## Input for this task
*-*-*

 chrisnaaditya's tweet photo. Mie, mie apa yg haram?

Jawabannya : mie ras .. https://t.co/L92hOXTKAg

*-*-*

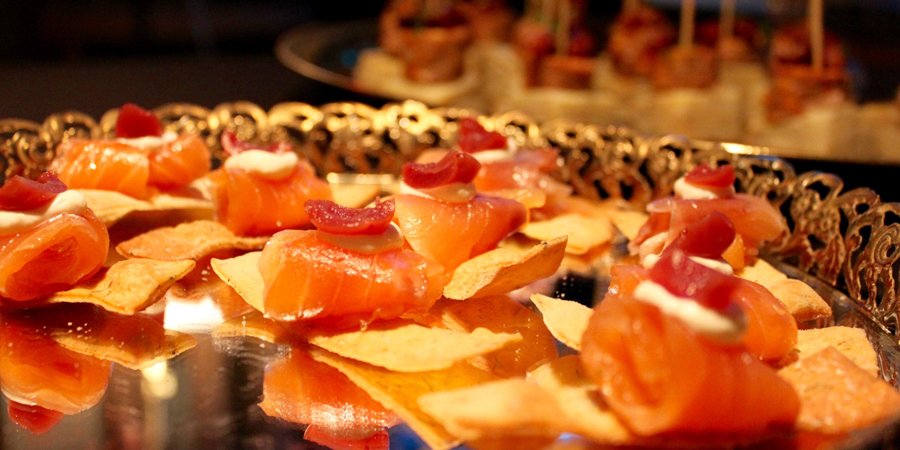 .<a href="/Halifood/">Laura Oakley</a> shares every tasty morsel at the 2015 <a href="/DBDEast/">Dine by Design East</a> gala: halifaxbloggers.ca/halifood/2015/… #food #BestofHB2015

*-*-*

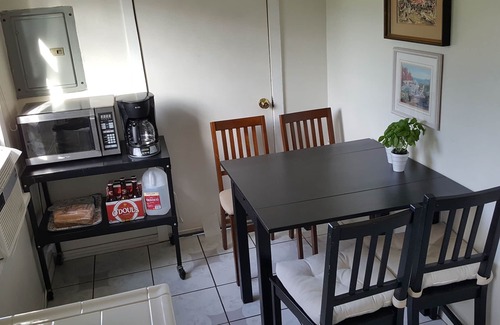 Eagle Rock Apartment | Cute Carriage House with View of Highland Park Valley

*-*-*

## Goal of the exercise
Exactly the lines above from the one with "chrisnaaditya's tweet photo." to the one with "Jawabannya : mie", both included, are to be quoted; leave the rest out.

## Completed task
 chrisnaaditya's tweet photo. Mie, mie apa yg haram?

Jawabannya : mie ras .. https://t.co/L92hOXTKAg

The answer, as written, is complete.